## Exercise goal
Look for the word "Women" in the entries below, then copy every line that has it.

Web page caption snippets:
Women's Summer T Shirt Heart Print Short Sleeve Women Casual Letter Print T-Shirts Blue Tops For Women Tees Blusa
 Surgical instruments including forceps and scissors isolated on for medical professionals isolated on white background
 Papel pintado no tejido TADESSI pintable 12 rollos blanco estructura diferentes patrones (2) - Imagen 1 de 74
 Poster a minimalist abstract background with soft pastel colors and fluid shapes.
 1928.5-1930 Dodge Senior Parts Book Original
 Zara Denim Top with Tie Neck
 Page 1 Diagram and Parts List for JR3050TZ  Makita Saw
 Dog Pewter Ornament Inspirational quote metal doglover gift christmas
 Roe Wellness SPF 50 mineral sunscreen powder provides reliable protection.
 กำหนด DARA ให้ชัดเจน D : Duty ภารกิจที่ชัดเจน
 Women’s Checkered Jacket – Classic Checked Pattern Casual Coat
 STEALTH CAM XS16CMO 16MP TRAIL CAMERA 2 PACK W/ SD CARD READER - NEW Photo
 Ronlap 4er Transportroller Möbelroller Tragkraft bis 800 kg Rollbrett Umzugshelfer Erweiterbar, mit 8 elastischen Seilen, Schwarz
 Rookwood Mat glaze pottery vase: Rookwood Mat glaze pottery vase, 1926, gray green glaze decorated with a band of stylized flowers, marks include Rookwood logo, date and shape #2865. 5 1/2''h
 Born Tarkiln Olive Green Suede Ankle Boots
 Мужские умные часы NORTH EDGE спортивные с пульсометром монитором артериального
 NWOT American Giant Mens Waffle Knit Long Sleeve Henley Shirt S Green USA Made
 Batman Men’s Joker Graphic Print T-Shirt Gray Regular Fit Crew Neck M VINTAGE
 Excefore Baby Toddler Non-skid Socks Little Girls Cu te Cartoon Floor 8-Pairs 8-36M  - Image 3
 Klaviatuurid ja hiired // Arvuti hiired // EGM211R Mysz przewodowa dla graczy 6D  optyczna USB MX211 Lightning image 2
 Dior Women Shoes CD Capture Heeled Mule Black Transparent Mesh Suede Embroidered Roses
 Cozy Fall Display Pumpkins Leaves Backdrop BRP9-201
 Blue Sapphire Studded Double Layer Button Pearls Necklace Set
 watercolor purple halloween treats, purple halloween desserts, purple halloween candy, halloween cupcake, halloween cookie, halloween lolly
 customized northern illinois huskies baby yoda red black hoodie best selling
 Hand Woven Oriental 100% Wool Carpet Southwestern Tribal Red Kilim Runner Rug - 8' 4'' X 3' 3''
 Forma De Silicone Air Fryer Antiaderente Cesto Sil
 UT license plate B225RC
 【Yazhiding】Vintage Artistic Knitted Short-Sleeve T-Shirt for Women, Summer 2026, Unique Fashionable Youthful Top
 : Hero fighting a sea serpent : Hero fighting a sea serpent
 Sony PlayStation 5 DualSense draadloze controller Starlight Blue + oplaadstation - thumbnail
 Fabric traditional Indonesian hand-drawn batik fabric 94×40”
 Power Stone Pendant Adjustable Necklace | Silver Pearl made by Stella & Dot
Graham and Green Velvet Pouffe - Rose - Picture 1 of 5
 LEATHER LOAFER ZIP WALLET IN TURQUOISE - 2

## Answer section
Women's Summer T Shirt Heart Print Short Sleeve Women Casual Letter Print T-Shirts Blue Tops For Women Tees Blusa
 Women’s Checkered Jacket – Classic Checked Pattern Casual Coat
 Dior Women Shoes CD Capture Heeled Mule Black Transparent Mesh Suede Embroidered Roses
 【Yazhiding】Vintage Artistic Knitted Short-Sleeve T-Shirt for Women, Summer 2026, Unique Fashionable Youthful Top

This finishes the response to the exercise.